### [Work to be completed]
Below are entries with pictures among them; reproduce exactly, and only, the lines from the one containing "unfurnished living room" down to the one containing "Una sala de", without the pictures.

### [Exercise input]
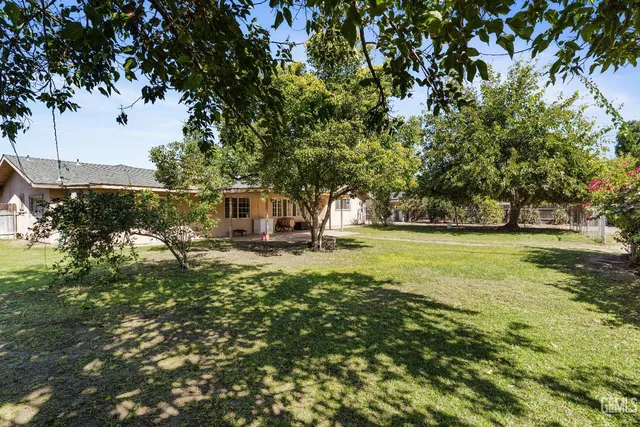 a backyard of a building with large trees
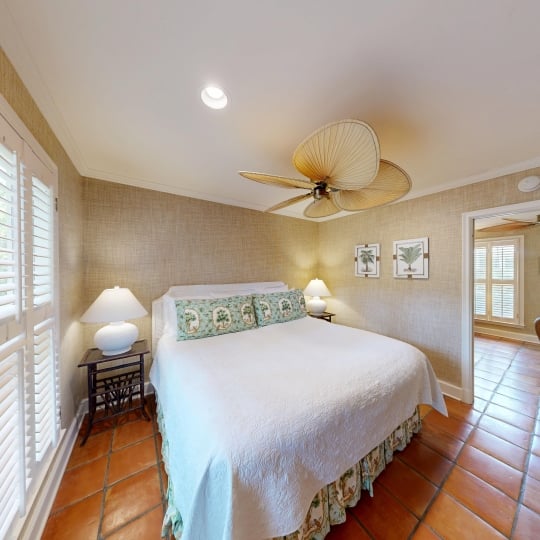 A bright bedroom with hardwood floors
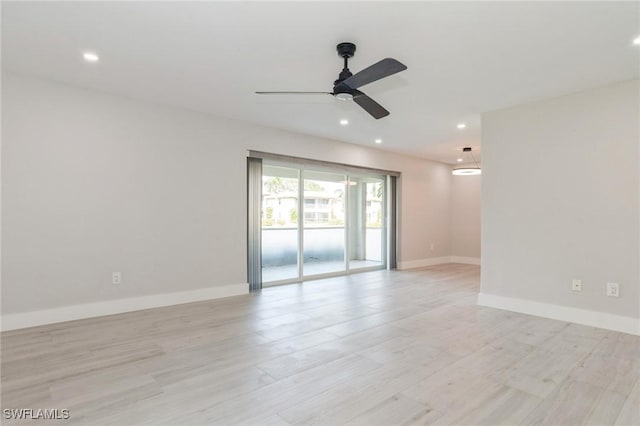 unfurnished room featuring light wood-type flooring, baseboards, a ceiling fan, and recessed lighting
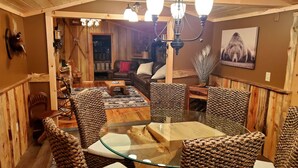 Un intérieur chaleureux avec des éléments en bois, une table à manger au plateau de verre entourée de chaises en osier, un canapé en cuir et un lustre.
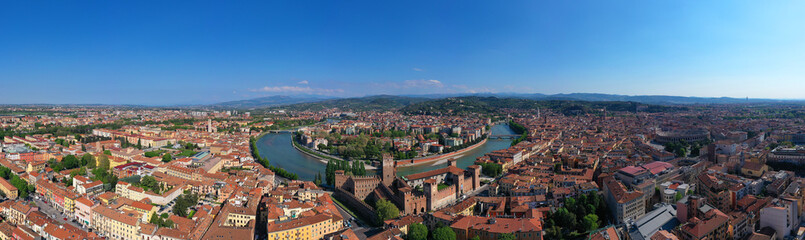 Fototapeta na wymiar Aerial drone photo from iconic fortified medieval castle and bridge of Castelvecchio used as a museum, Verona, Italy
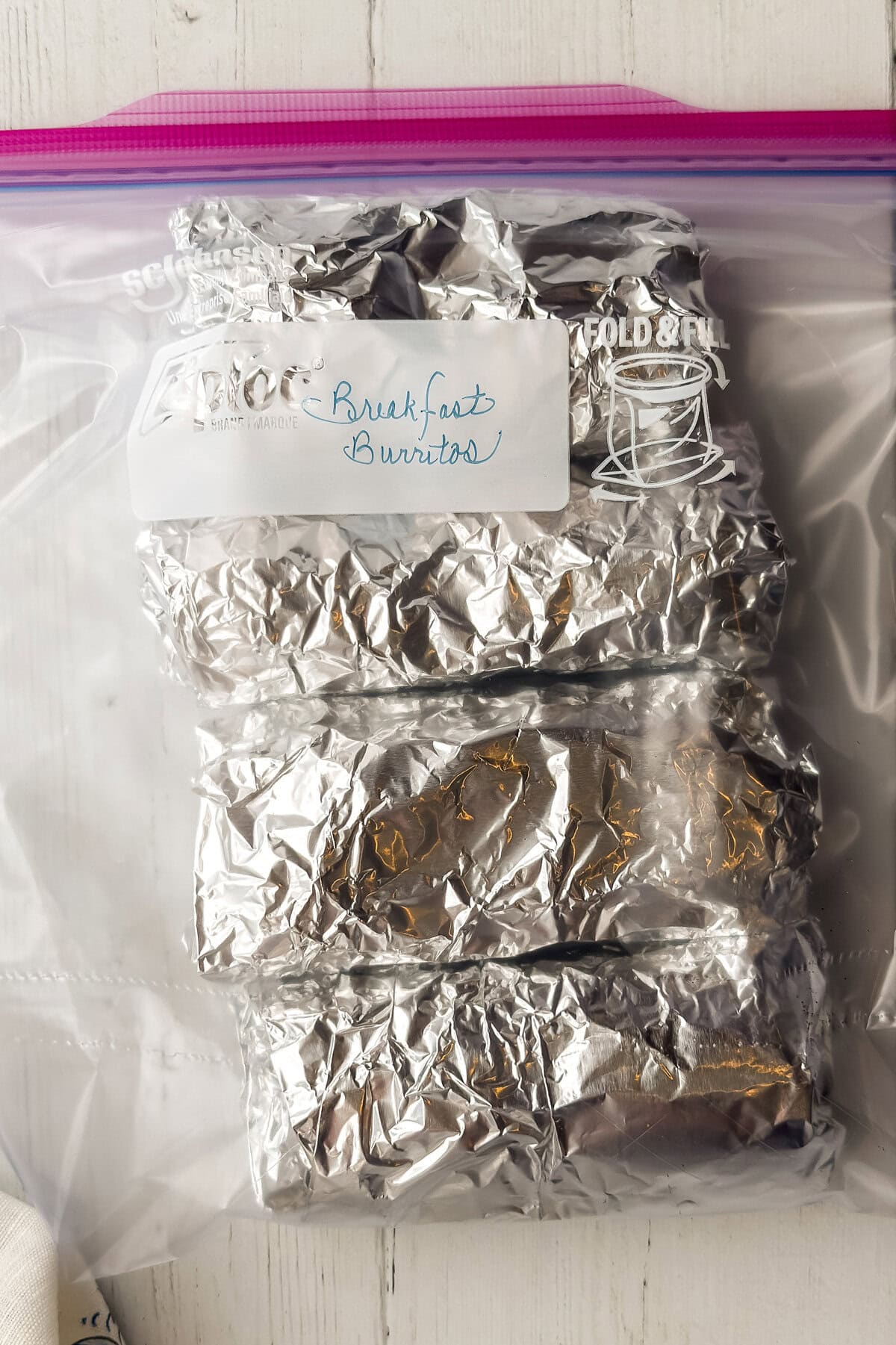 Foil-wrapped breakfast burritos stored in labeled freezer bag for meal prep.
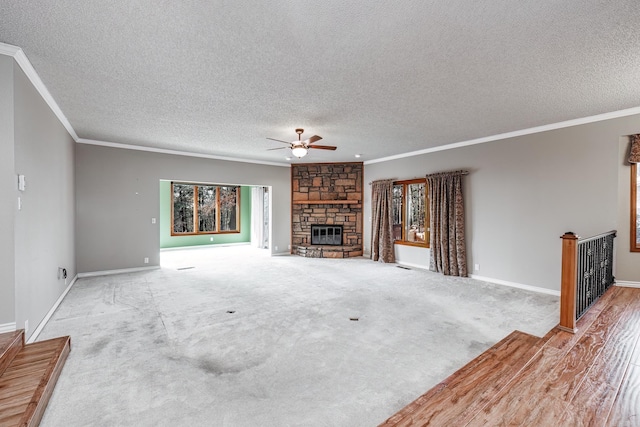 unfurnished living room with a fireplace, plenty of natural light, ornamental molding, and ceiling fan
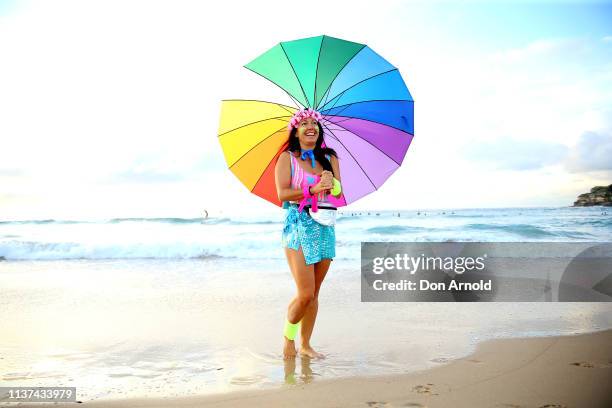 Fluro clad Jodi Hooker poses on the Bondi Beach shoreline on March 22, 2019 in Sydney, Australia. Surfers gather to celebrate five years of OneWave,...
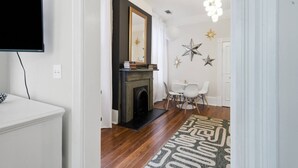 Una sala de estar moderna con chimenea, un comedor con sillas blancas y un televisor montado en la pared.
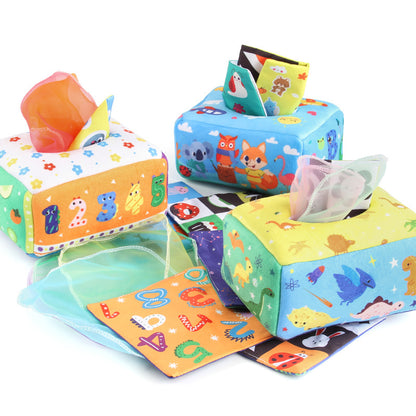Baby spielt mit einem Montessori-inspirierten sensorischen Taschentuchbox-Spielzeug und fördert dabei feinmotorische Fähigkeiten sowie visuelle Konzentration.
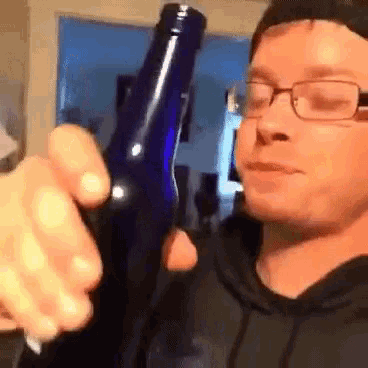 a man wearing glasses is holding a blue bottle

### [Task response]
 unfurnished living room with a fireplace, plenty of natural light, ornamental molding, and ceiling fan
 Fluro clad Jodi Hooker poses on the Bondi Beach shoreline on March 22, 2019 in Sydney, Australia. Surfers gather to celebrate five years of OneWave,...
 Una sala de estar moderna con chimenea, un comedor con sillas blancas y un televisor montado en la pared.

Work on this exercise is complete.